Staff Training: Most staff are not experienced in managing and supporting wireless networking equipment. Using Tucson as an example our network engineers are trained and experienced supporting switches and routers. In our case we not only would need to spend a considerable amount of money to train staff, but we need to hire 2 new staff members who (once trained) would be dedicated to supporting and managing the wireless network. Again the alternative to building this in house capability is to contract for these services.
Administration and Monitoring: Along with the addition of and training of staff, there are costs associated with the tools necessary to appropriately monitor and administer the network.
Technology refreshes and upgrades: As with all technology wireless components have a fairly short life cycle and their upgrade and/or replacement must be planned for and funded. You can bet that the wireless network will become as critical as your wired network and the demand from applications for bandwidth and functionality, not to mention the demands from the first responder needs, will not allow anyone to consider a life cycle of more that 3 or 4 years.
Addition of new applications: Adding new applications to the network or expanding its reach can result in significant costs if not planned for initially. Depending on the network design and concentration of access points new applications might require additional access points, this will require additional backhaul, and gateway locations. While a laptop might indicate that you can "see" the wireless network the wireless radios built into most laptops might not send a strong enough signal to be received by the access points without some sort of signal amplification.

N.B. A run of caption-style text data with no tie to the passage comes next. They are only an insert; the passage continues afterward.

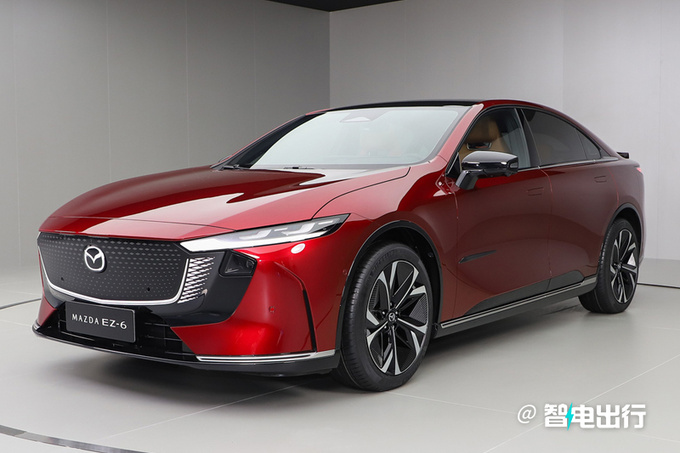 马自达EZ-6下线纯电+增程双动力 预计9月上市-图2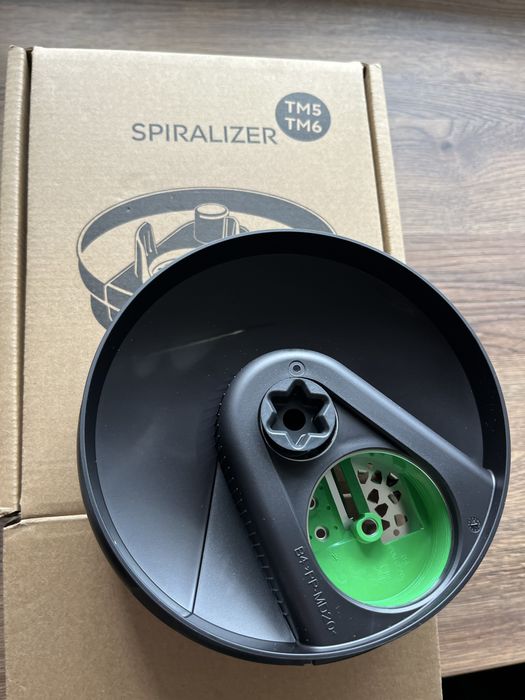 Spiralizer do Nakładki Thermomix TM6 i TM5 - Oryginał VORWERK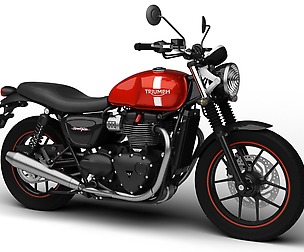 Triumph Street Twin 2016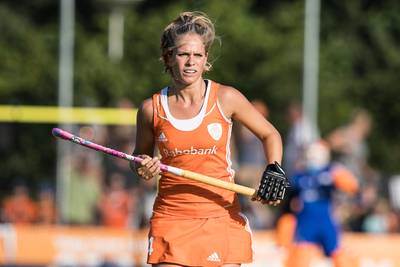 Hockeysters ruim langs Engeland in laatste test voor EK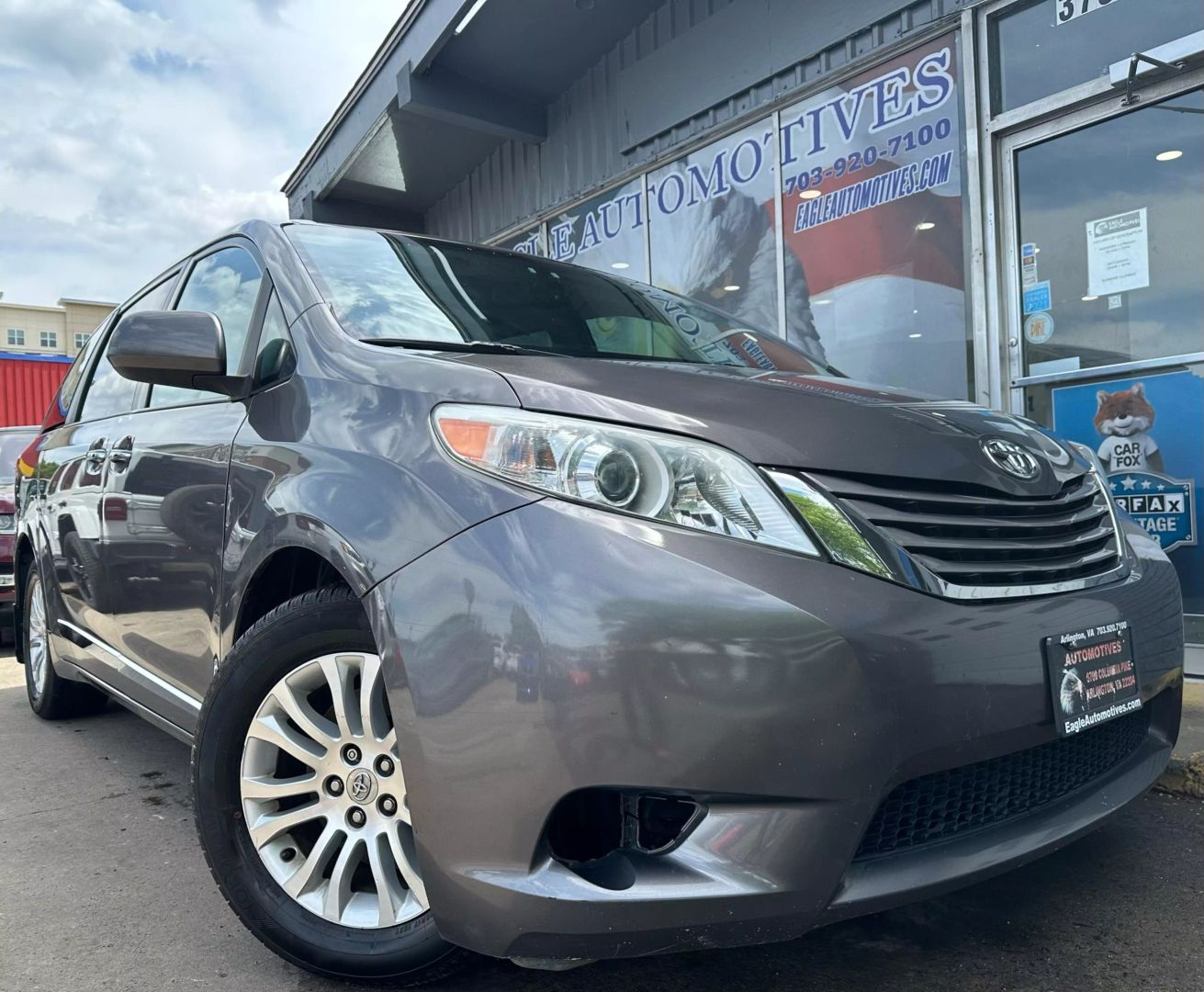 2017 Toyota Sienna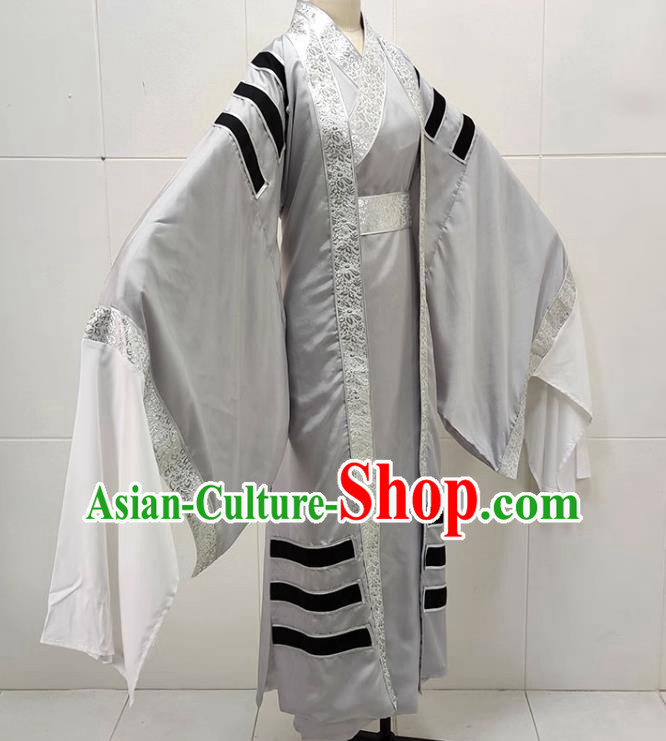 Drama Costumes Ancient Costumes Yue Opera Huangmei Opera Performance Costumes Fujian Opera Gezai Opera Taoist Hall Love Embroidered Bagua Taoist Costumes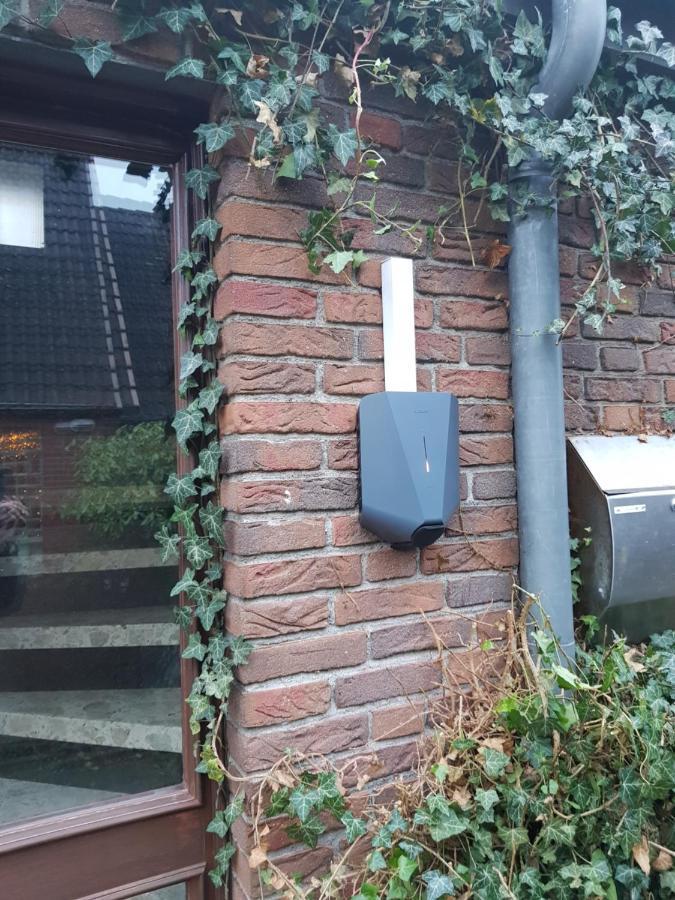 Haus Am Gruenen Weg Daire Hemmingstedt Dış mekan fotoğraf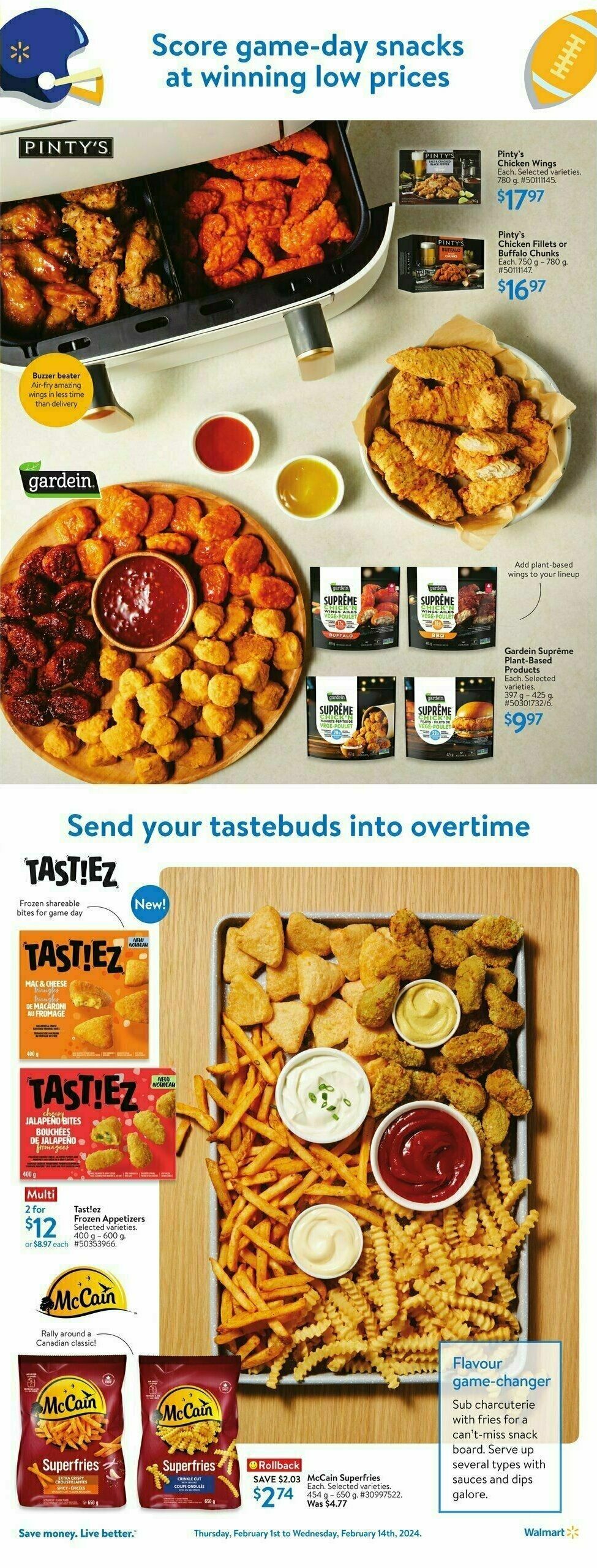 Walmart Flyer from February 1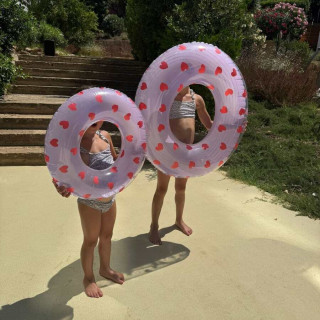 Swim Essentials šlauf sa srcima 90cm 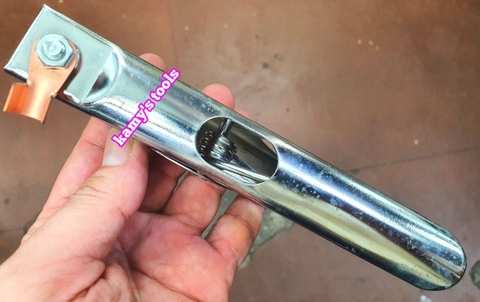 Kìm hàn cán gỗ 600a LS-600A và kìm kẹp mát mass 300a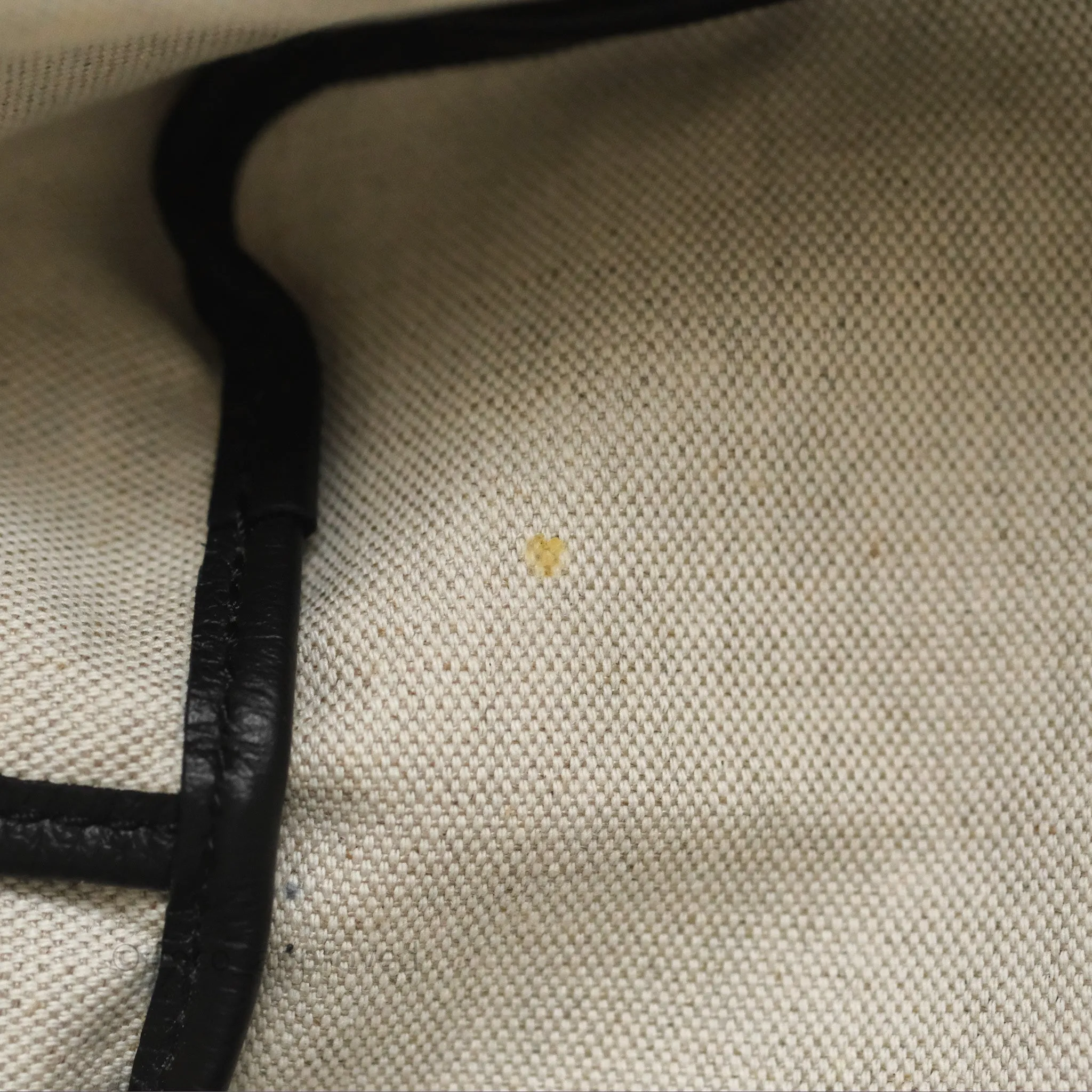 Goyard Saint Louis Tote Bag PM Black Noir Canvas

Networks that were built with one application in mind will invariably require re-architecting and more equipment as other applications are introduced.
As with all technology projects the ongoing operational and maintenance costs should be analyzed upfront and budgeted for, While wireless technology can be very effective in extending the reach of a network and access to applications and information where and when needed, without the proper care and feeding wireless networks can also quickly become a white elephant.